Below are some records. Output the lines from the first one through the line that holds "Asian men wearing", exactly as written, with no pictures.

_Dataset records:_
══════════
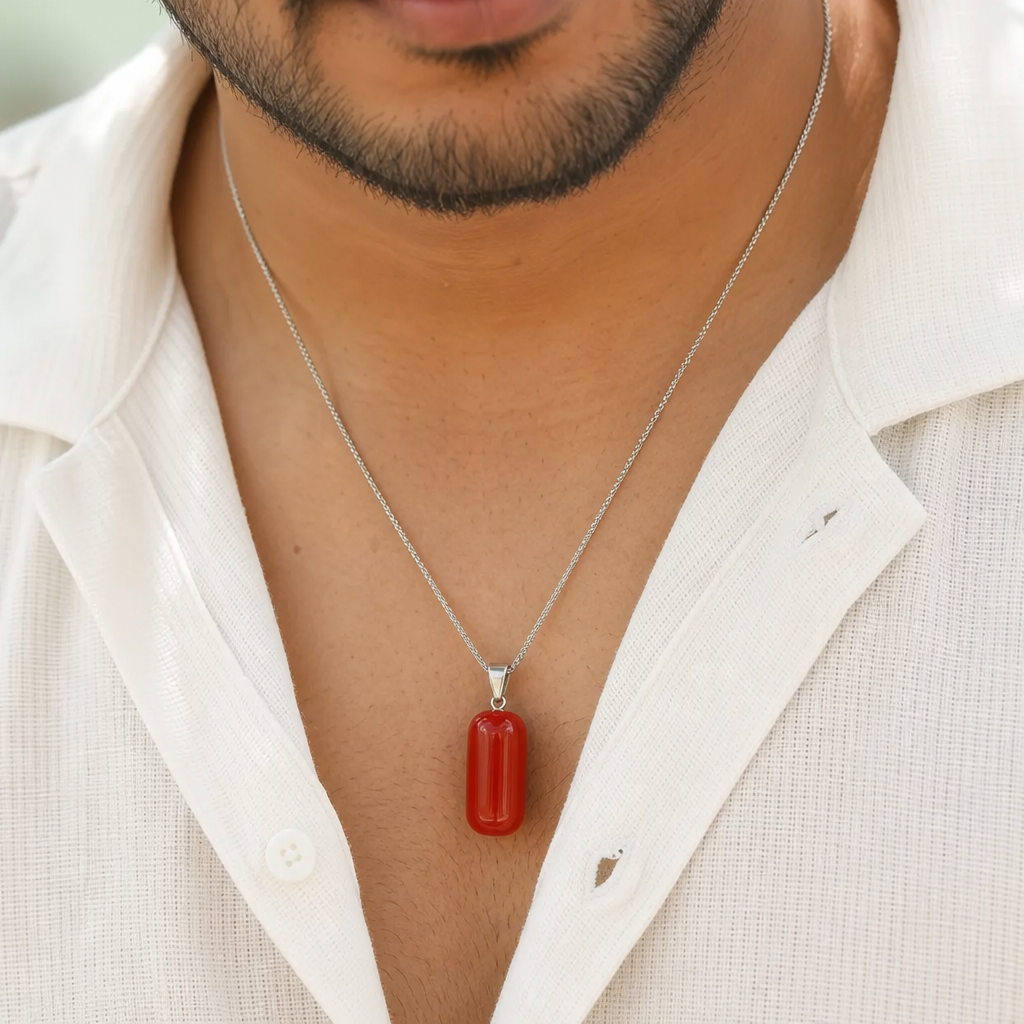 Moonga man wearing gemstone pendant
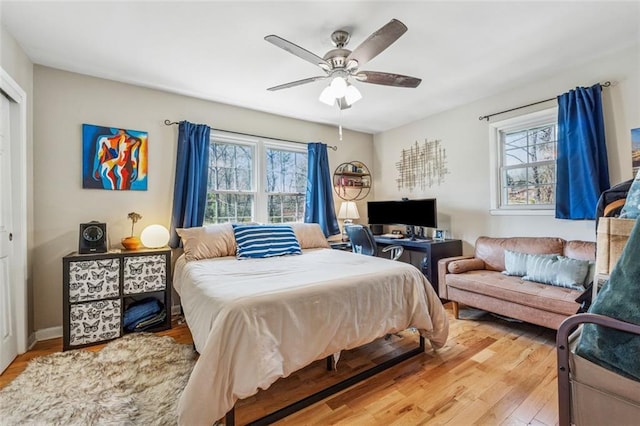 bedroom featuring light wood-style flooring, multiple windows, and ceiling fan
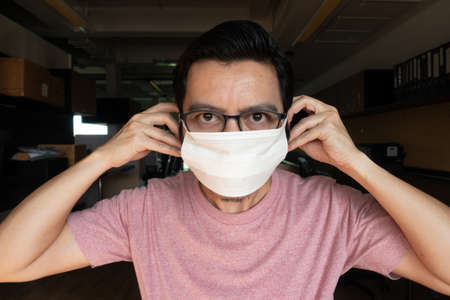 Asian men wearing pink T-shirts and wearing glasses are showing the right masks to prevent germs and...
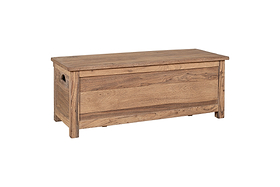 The Karadi Reclaimed Wood Storage Bench - Natural by nkuku features a hinged lid, cut-out side handles, and a natural wood grain finish. This rustic bench sits on short legs and is shown against a white background.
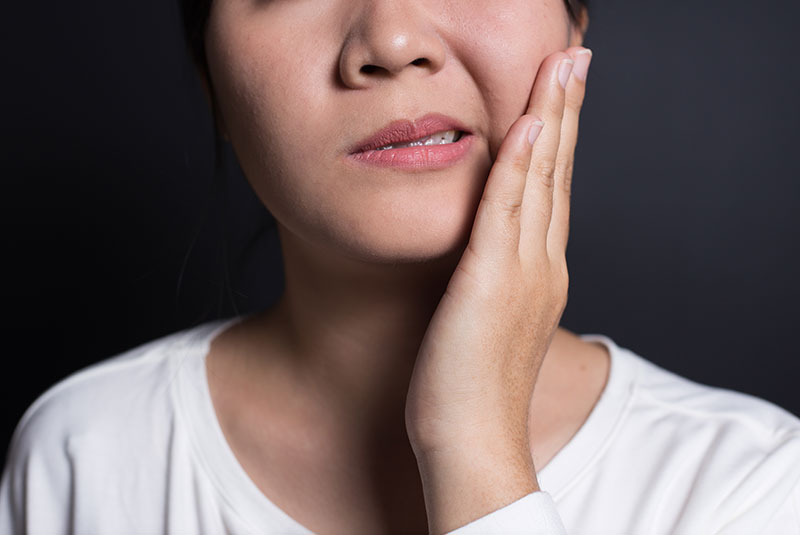 woman holding mouth in pain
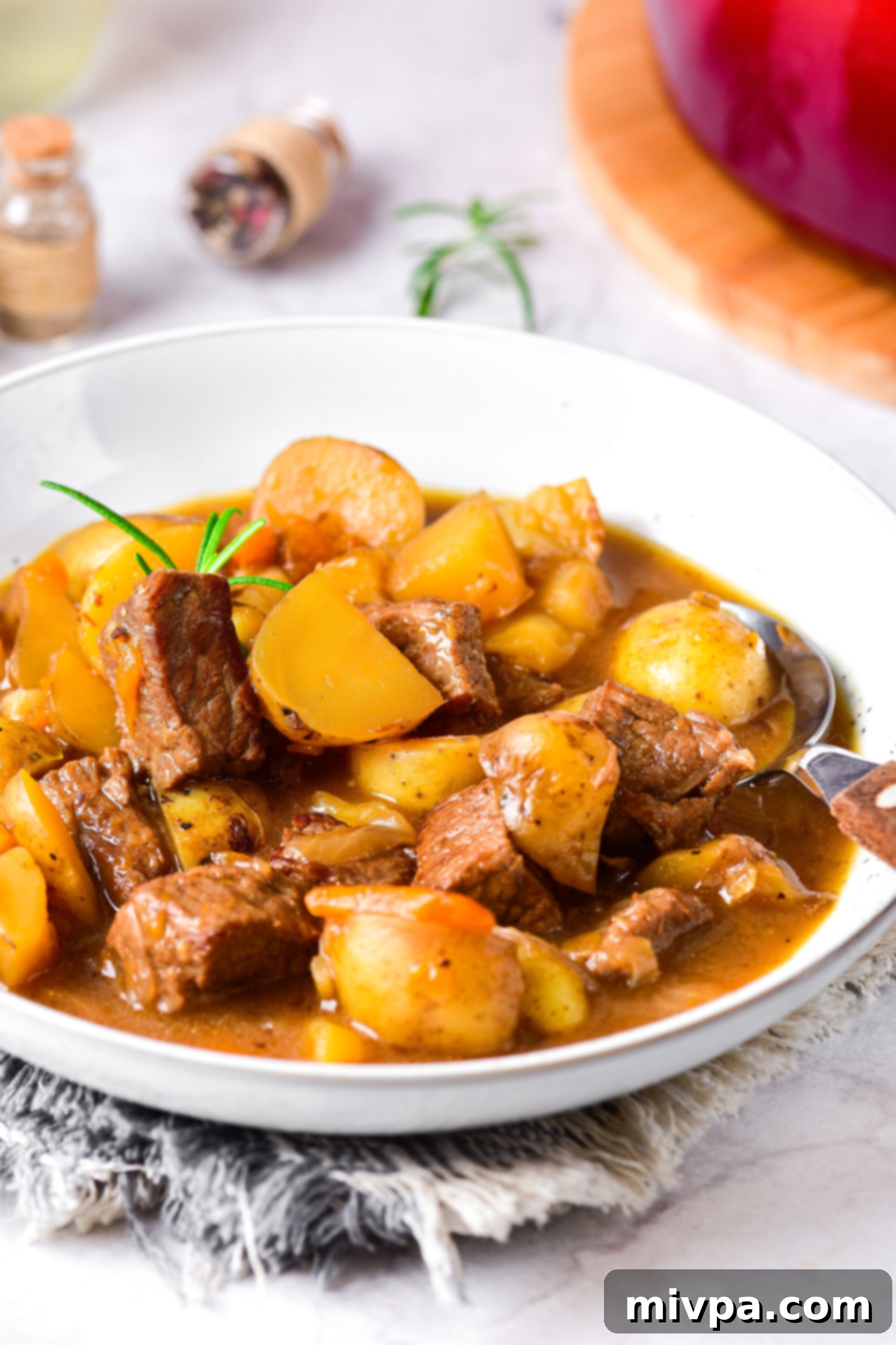 Easy Beef Stew (Gluten-Free, Dairy-Free) Tender beef stew in a white bowl.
══════════
_REPLY TO THE TASK:_
 Moonga man wearing gemstone pendant
 bedroom featuring light wood-style flooring, multiple windows, and ceiling fan
 Asian men wearing pink T-shirts and wearing glasses are showing the right masks to prevent germs and...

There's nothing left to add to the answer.